‘Queer in Africa’ Conference Cancelled

Editor's Note: Due to the impending inclement weather for March 21, the Queer in Africa conference has been cancelled for March 21. Further information will be forthcoming.

Scholars, activists and community organizers from around the world will come together at Lehigh on Wednesday (March 21) to shine a light on the human rights issues that lesbian, gay, bisexual, transgender and queer communities in Africa are facing and to explore ways to bring about change.

Hosted by the College of Arts and Sciences, the daylong conference, “Queer in Africa: Challenges and Pathways to Inclusion,” will include presentations, a panel discussion and a keynote by activist Kasha Nabagesera, a leading figure in the LGBTQ+ movement in Uganda, where same-sex sexual acts are criminalized.

“We don’t talk about this a lot, but there is really a lot going on [in Africa],” said Sirry Alang, assistant professor of sociology at Lehigh and a conference organizer. “On a daily basis,” she said, “people are killed, people are incarcerated,” even if just suspected of homosexual acts. “So, I think, raising awareness is important.”

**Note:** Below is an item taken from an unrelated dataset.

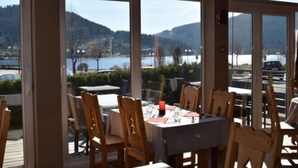 Un espacio de comedor al aire libre con mesas y sillas, grandes ventanales que ofrecen vistas a un lago y montañas.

Alang said it’s also necessary to understand the role that the United States and other Western countries can play in addressing issues or ensuring the freedoms and basic rights of LGBTQ+ people in Africa.

“So these stories will be told,” said Alang. “It’s important that these conversations happen at institutions of higher learning.”

The conference will open at 9 a.m. in Williams Hall, with sessions on “Queering Silences, Queering Resistances,” “Queering Politics of the Self in Ghanaian Context” and “Queering Discourses of Representation.”  The program can be found here.  

Donald E. Hall, the Herbert J. and Ann L. Siegel Dean of the College of Arts and Sciences, will deliver opening remarks and introduce Nabagesera, beginning at 6 p.m. in Room 303 of Whitaker Laboratory.

Both Nabagesera’s keynote and the panel discussion that follows will be live-streamed for those who want to join the dialogue online. 

Alang said there has been increased social and political visibility of queer people in Africa and the diaspora and that many politicians and lawyers have spoken out about crimes against the LGBTQ+ community. But more dialogue is needed, she said, “and it’s critical to go beyond the dialogue to ensure our collective freedoms as humanity.”

She said she hopes the conference, which will also explore historical, religious and health issues, will invigorate activism in Africa and create a new cohort of scholars, activists and community organizers who care about protecting LGBTQ+ Africans.  She said there’s historical evidence that pre-colonial Africa was accepting of same-sex relationships, but is now one of the most homophobic continents.

“In a lot of ways, it’s un-African,” she said of the problems facing the LGBTQ+ community there.

Alang expressed delight that Nabagesera will deliver the keynote.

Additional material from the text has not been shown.